Naturally, if music has the capacity for such stimulating cognitive experiences within the womb, once the baby is born, he or she is already filled with musical memories and associations. “Now wait a minute!” I hear you say. “If I haven’t played music for my baby in the womb, what music can she possibly have already?” Here’s the thing: The pulse and rhythm of the mother’s world, her voice, the father’s voice, and the music playing in the car or on the radio have all made their way into the musical micro-rhythms of the infant’s brain. Researchers such as J. P. Lecanuet, M. Papousek, and D. Stern who have each studied mother-infant dialogue have shown that all that babbling, cooing, and baby talk actually have unique patterns that are incredibly musical in their structure. Okay—stay with me a moment on this. When you hold a baby in your arms, do you say, “Hey, what’s up?” I doubt it. You say, “Heeeeeeey wittle dumpling! Looooooook at aunty! Awwwwwww.” These musical interactions between babies and adults exist across every culture ever studied across the globe, from pre-modern Zulu tribes, to the Sami people of indigenous Finland, to the families in downtown Boston. If babies across all cultures illicit this musical “motherese” language from adults, then musical interaction must be something they need.

Yet I find that while most parents sing and dance with their children, parents often lack musical confidence, and will even deny their own musicality. So I think it’s time we change our definition of what it means to be “musical.” Let’s throw aside the idea that a musical person needs to play the piano and sing perfectly in tune! Or that being a “musician” means performing! I believe that all parents and all babies are musical. We all love music, need music, and use music regularly in our lives. I have yet to meet a parent who doesn’t sing or dance with their baby, and I have yet to meet a baby who is critical of their parent’s ability to do so. In my “Baby Rhythms” music class, I try to foster musical interaction by encouraging vocal exploration, dancing, playing instruments, and using musical games and stories. I use puppets, pictures, and visual symbols of sound called “listening maps” to allow for multi-modal opportunities to learn patterns and structural elements of the music. Parents act as musical partners and models, as they bond with their child and gain tools for musical interaction. I allow children to make their own music (think of how young children doodle and draw with crayons—this is similar to the musical “doodlings” that take place with our shakers and tambourines). I use music of many styles and genres, from Jazz, to Greek folk dances, to Mozart, to Indian table drumming. Though musical learning and expression aren’t always obvious at these early ages, I know that it’s happening. And I know that whether or not one of these babies will one day perform Beethoven’s Fifth piano concerto at Carnegie Hall, is beside the point.
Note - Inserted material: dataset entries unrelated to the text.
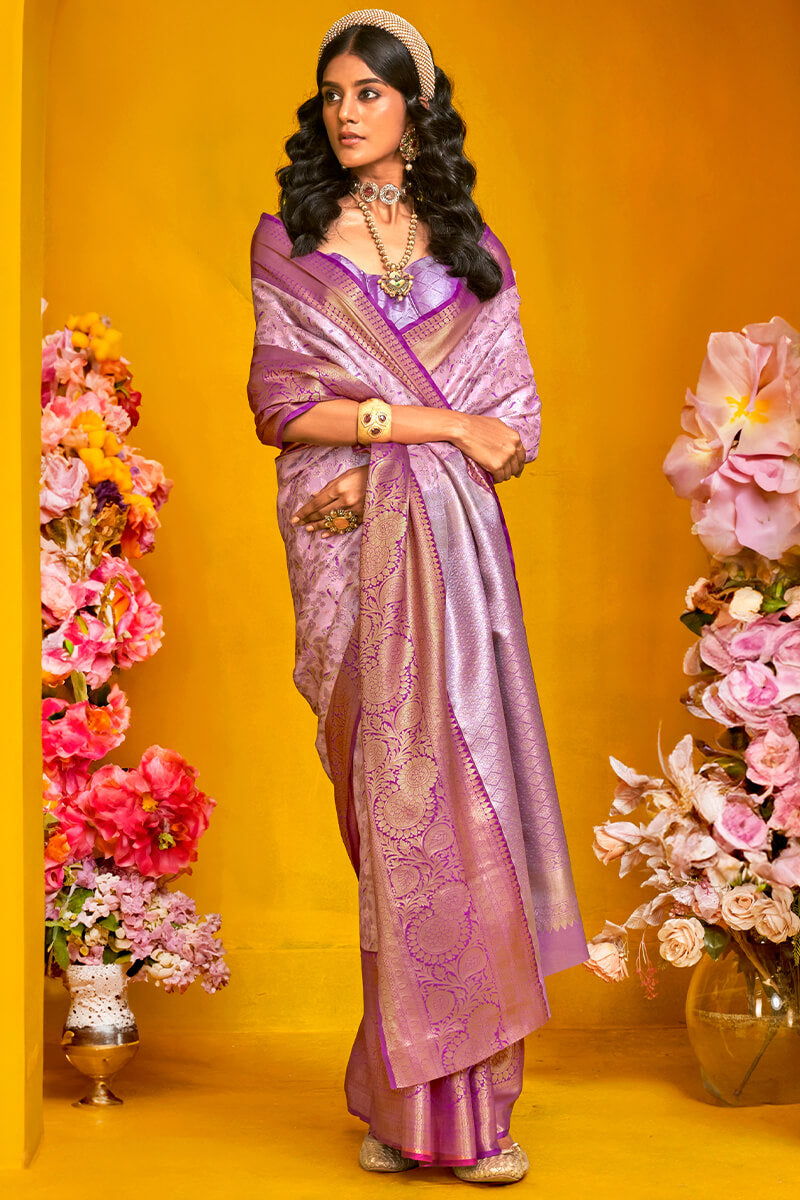 Effervescent Lavender Kanjivaram Silk Saree With Scrumptious Blouse Piece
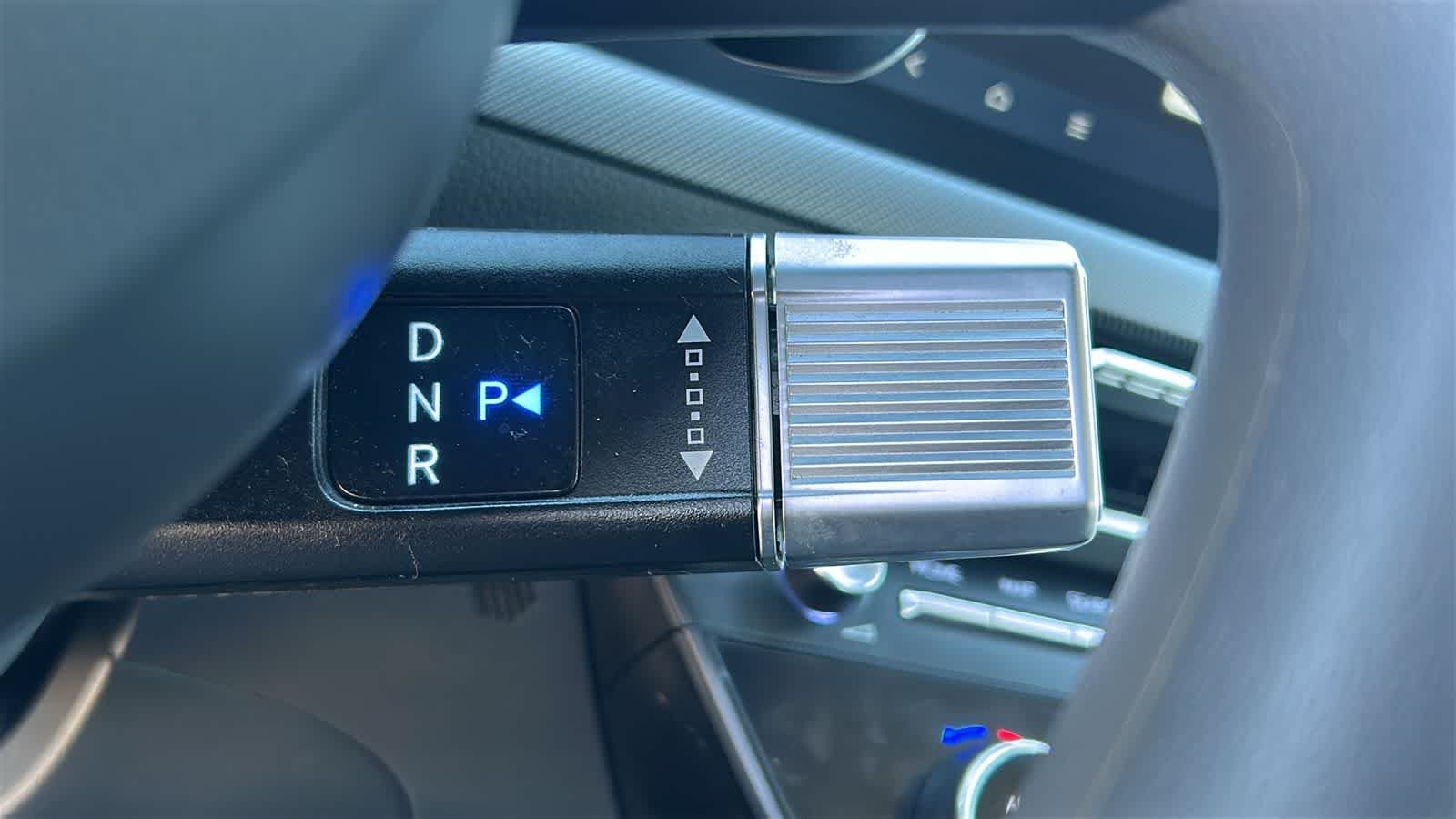 Certified Used 2025 Carbon Blue Hyundai SEL image 13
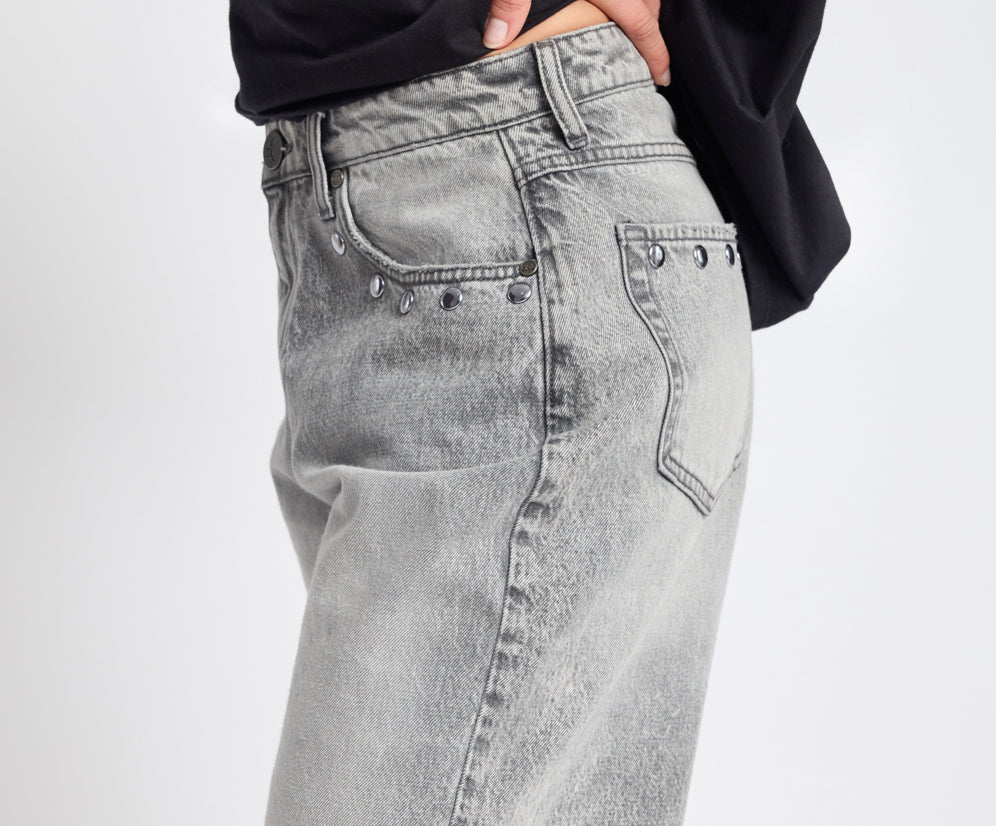 Le Cats Mid Waist Wide Leg Boyfriend Studded Denim Shorts - Soft Grey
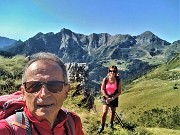 30 Selfie  verso la costiera dei monti della conca di S. Simone-Baita del Camoscio 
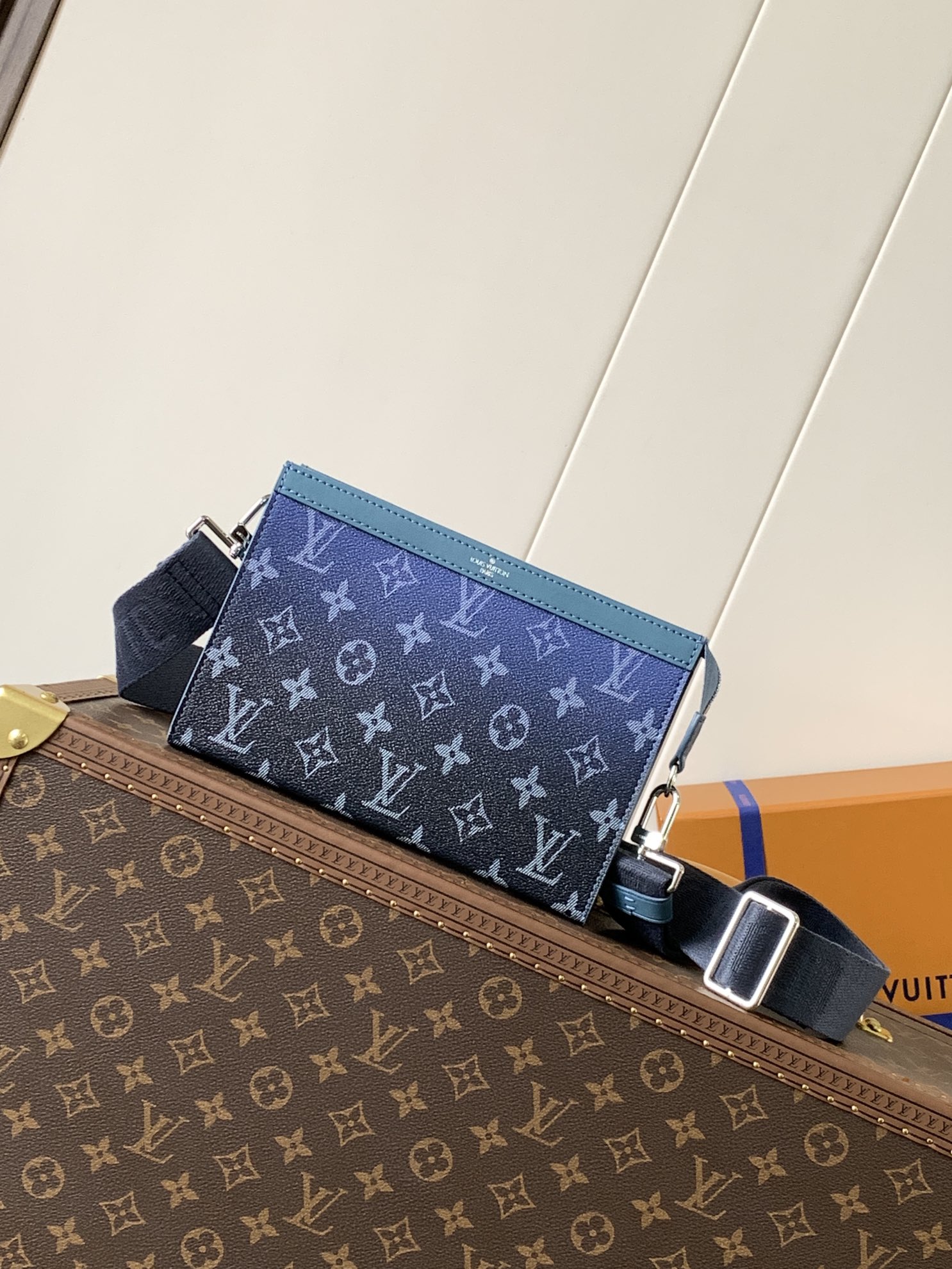[TOP] Louis Vuitton LV Pochette Voyage Clutch Bag 22*14.5*4.5cm - 2 Colour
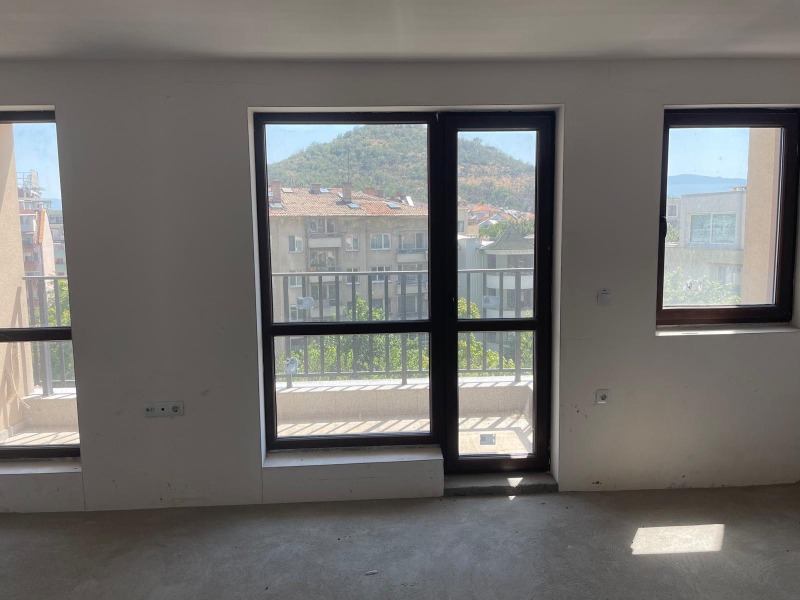 Te koop  2 slaapkamers Plovdiv , Mladezjki Chalm , 94 m² | 12079327 - afbeelding [3]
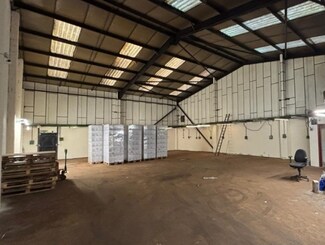 Plus de détails pour Fryers Rd, Walsall - Industriel à louer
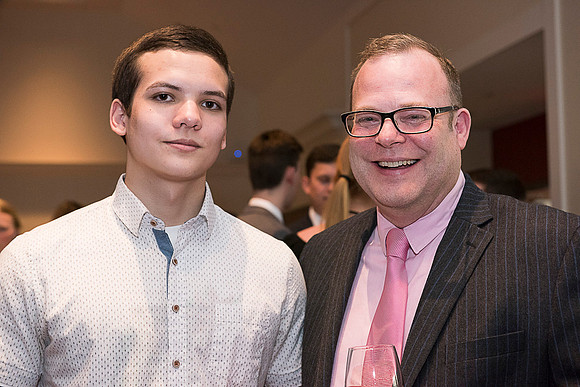 2019 PS&E Banquet 082 _ME47715 pre-dinner gathering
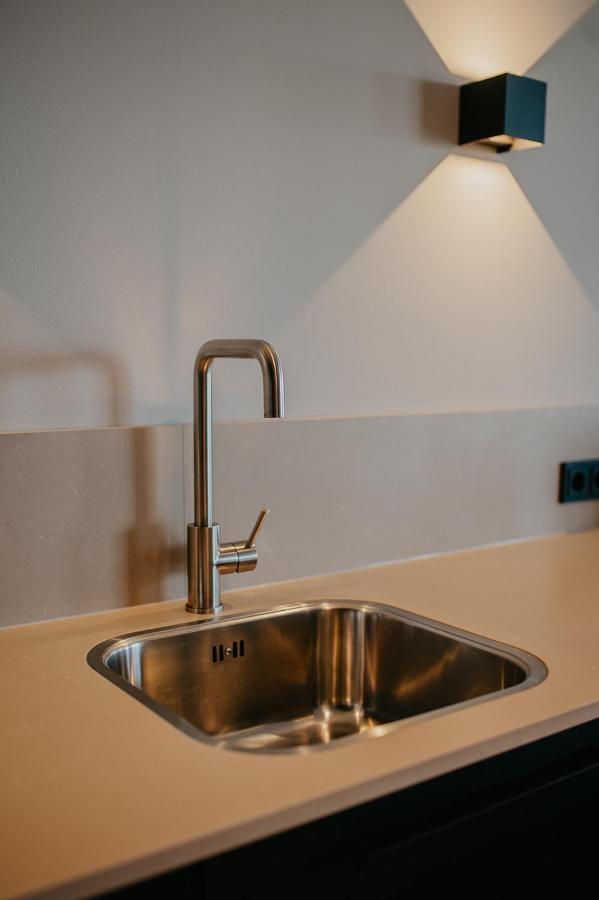 Residence Oude Haven luxe appartementen met sauna Colijnsplaat Buitenkant foto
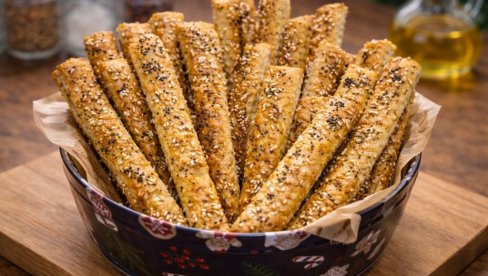 SLANI ŠTAPIĆI SA SIROM: Hrskavi, mirisni i jednostavni za pripremu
In modern societies, where being human increasingly compels us to choose between black or white, music enables us to be better in touch with more subtle qualities that make us unique and human in a way that no other subject can. The creation, study, and sharing of music can contribute powerfully toward our well-being—emotional, social, and cognitive—as well as to our development as a whole. Active participation in music can transcend utilitarian and practical advancements. Children who are musically engaged experience intrinsic joy, as well as important feelings of belonging, meaning, confidence, and competence. In the words of anthropologist Ellen Dissanayake, music allows us to alter our experience of the world around us—to find alternatives to what we are handed. In short, it has the ability to “expand awareness of what it means to be human.” Sounds pretty good to me!